The posterior predictive distribution for the number of on-base events in another 250 PA is then obtained by multiplying the two densities and integrating out $\theta$.

$p(\tilde{y} | y = 75) = \displaystyle \int_0^1 {250 \choose \tilde{y}} \theta^{\tilde{y}}(1-\theta)^{250-\tilde{y}} * \dfrac{\theta^{75}(1-\theta)^{175}}{\beta(76,176)} d\theta$

The resulting distribution is known as beta-binomial distribution, which has density

$p(\tilde{y} | y = 75) =\displaystyle {250 \choose \tilde{y}} \dfrac{\beta(76 + \tilde{y}, 426-\tilde{y})}{\beta(76,176)}$

(The beta-binomial distribution is obtained from the beta-binomial model - it does get a bit confusing, but they are different things - the beta-binomial model can be thought of as a binomial with extra variance)

Now I can use the posterior predictive for inference.
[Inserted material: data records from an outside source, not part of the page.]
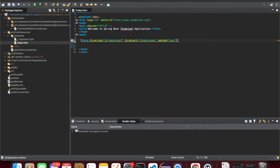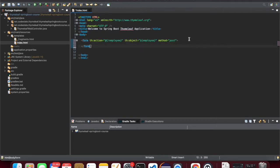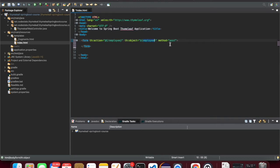The form has an action attribute. The action 'employee' is the URL or API that will be called in our controller class. This backing bean, the employee bean, will be sent back with the POST request. The method is obviously POST, which will be called when we submit the form.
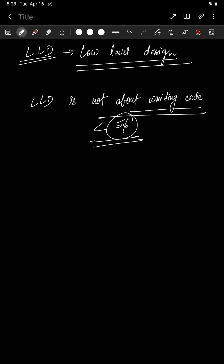LLD is about making classes, and that's where your logical thinking and thought process come in. You may say this sounds easy, but it's not. For example, let's say I tell you to make a calculator that only does addition and subtraction.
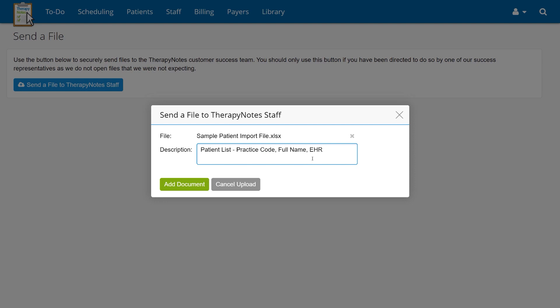If you are importing your data from an older TherapyNotes account into a new one, please include your old practice code in place of the EHR. To send this information to TherapyNotes, click Add Document.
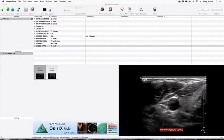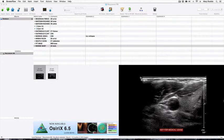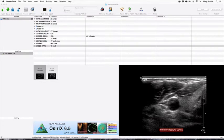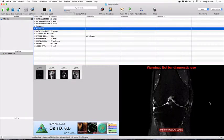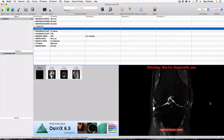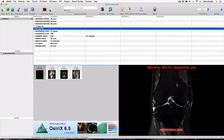This technique can also be used for nuclear medicine studies or other images where there is patient sensitive information on the edge of the image that you wish to exclude. This technique can also be applied to get rid of the warning not for diagnostic use logo that has been burned onto the images of the MRI knee, which we imported previously from JPEGs.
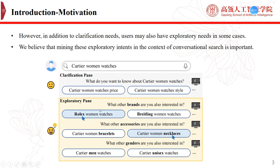However, in addition to such clarification needs, users also have some exploratory needs in some cases. For example, a user who searches for 'Cartier Women Watches' is likely to issue some exploratory queries, such as 'Rolex Women Watches' or 'Bradley Women Watches,' to compare different brands before making a purchase. We think that mining these exploratory queries is important, but it is less emphasized in previous studies of conversational search.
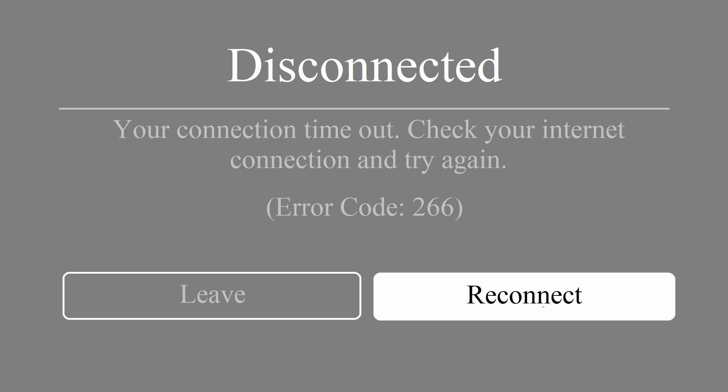Hello guys, welcome to my channel. Today, some players have been experiencing Roblox 266 error code, stating on screen your connection timeout. Check your internet connection and try again.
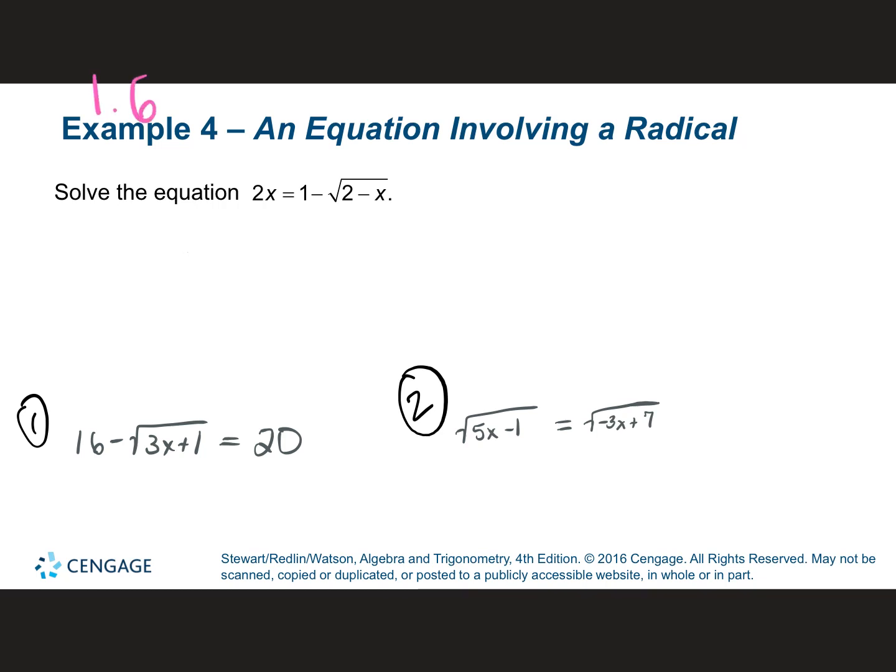So, 1.6 part 3. We're still solving equations. Today we're going to focus on solving equations with radicals.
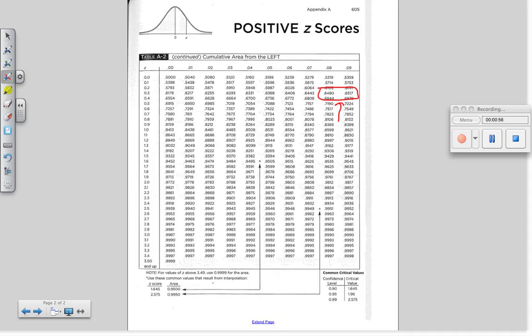Right here. Since 0.65 is closer to 0.6517, we say that it is 0.6517.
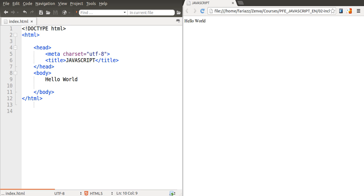Alrighty, let's get started. For code editing I've chosen one that's called Komodo Edit and it's free.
If, for example, I wanted to know the probability that a player will have a 0.300 OBP in another 250 PA (corresponding, again, to $\tilde{y}$ = 75 on-base events) then I can calculate that as

$p(\tilde{y} = 75 | y = 75) = \displaystyle {250 \choose 75} \dfrac{\beta(76 + 75, 426-75)}{\beta(76,176)} \approx 0.0389$

That is, our updated information says there's a 3.89% chance of getting exactly a 0.300 OBP in a new 250 PA by the same player.

The actual distribution of OBP in a new 250 PA is given by

This can also be accomplished by simulation - first, by simulating a large number $k$ of $\theta^*$ values from the posterior

$\theta^*_j \sim Beta(76,176)$

And then using those $\theta^*$ values to simulate from the data model $p(\tilde{y} | \theta^*)$

$y^*_j \sim Binomial(250, \theta^*_j)$

The estimated probability of a 0.300 OBP (equivalent to 75 on-base events) is then

$P(0.300 | y = 75) \approx \displaystyle \dfrac{\textrm{# } y^*_j \textrm{ that equal 75}}{k} $

This is much easier to do in $R$ -with $k = 1000000$, the code to quickly perform this is

> theta <- rbeta(1000000, 76,176) #Simulate from Posterior

> y <- rbinom(1000000, 250, theta) #Simulate from data model

> mean(y == 75) #Estimate P(y = 75)

[1] 0.039077

Notice that the result is very close to the analytic answer of 3.89%. The simulated posterior predictive distribution for OBP is

Which visually looks very similar to the analytic version.

## What's the Use?

Aside from doing (as the name implies) prediction, the posterior predictive is very useful for model checking - if data simulated from the posterior predictive (new data) is similar to the data you used to fit the model (old data), that is evidence that the model is a good fit. Conversely, if your posterior predictive data looks nothing like your original data set, you may have misspecified your model (and I'm criminally oversimplifying here - I recommend

*Bayesian Data Analysis*by Gelman et al. for all the detail on model-checking using the posterior predictive distribution).